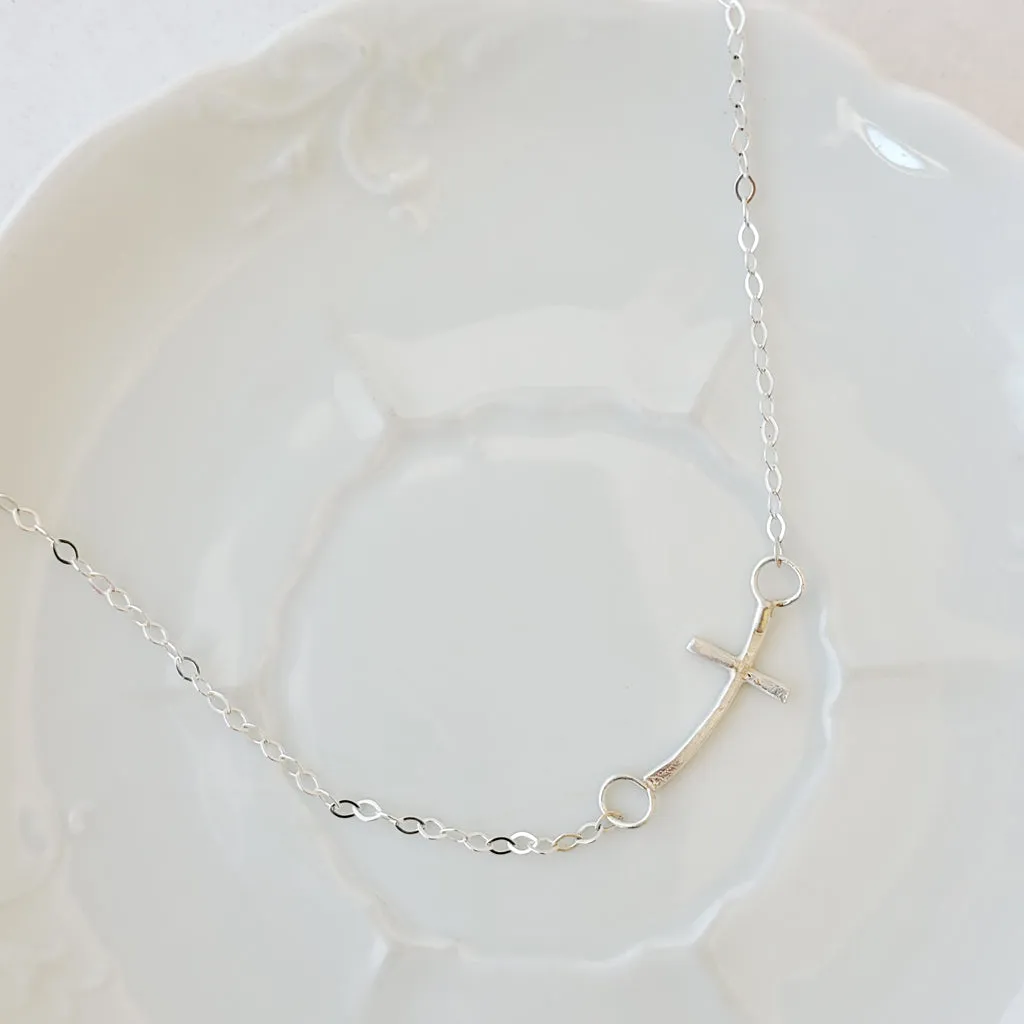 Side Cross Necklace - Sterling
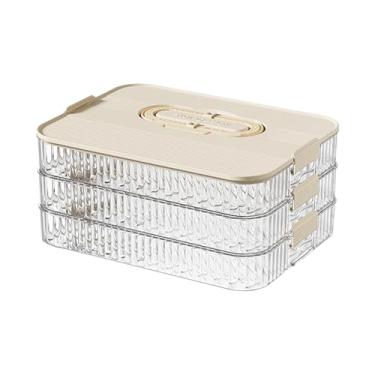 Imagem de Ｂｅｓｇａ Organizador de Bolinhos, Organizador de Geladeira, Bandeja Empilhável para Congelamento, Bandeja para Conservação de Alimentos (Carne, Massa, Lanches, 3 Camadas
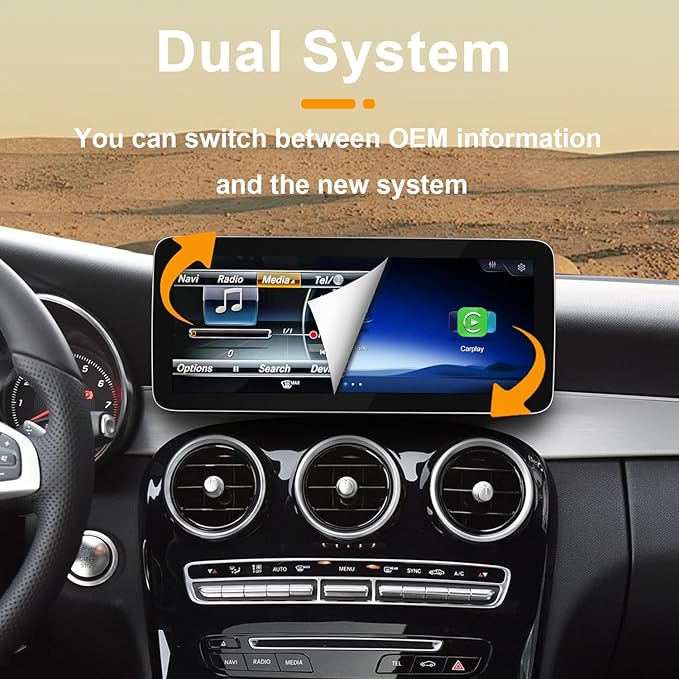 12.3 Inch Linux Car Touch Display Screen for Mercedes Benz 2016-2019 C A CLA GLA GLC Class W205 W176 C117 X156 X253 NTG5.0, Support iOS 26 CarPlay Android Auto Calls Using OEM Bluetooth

EXERCISE: Return every line of the listing exactly, leaving its pictures behind.

FINAL ANSWER:
 Side Cross Necklace - Sterling
 Imagem de Ｂｅｓｇａ Organizador de Bolinhos, Organizador de Geladeira, Bandeja Empilhável para Congelamento, Bandeja para Conservação de Alimentos (Carne, Massa, Lanches, 3 Camadas
 12.3 Inch Linux Car Touch Display Screen for Mercedes Benz 2016-2019 C A CLA GLA GLC Class W205 W176 C117 X156 X253 NTG5.0, Support iOS 26 CarPlay Android Auto Calls Using OEM Bluetooth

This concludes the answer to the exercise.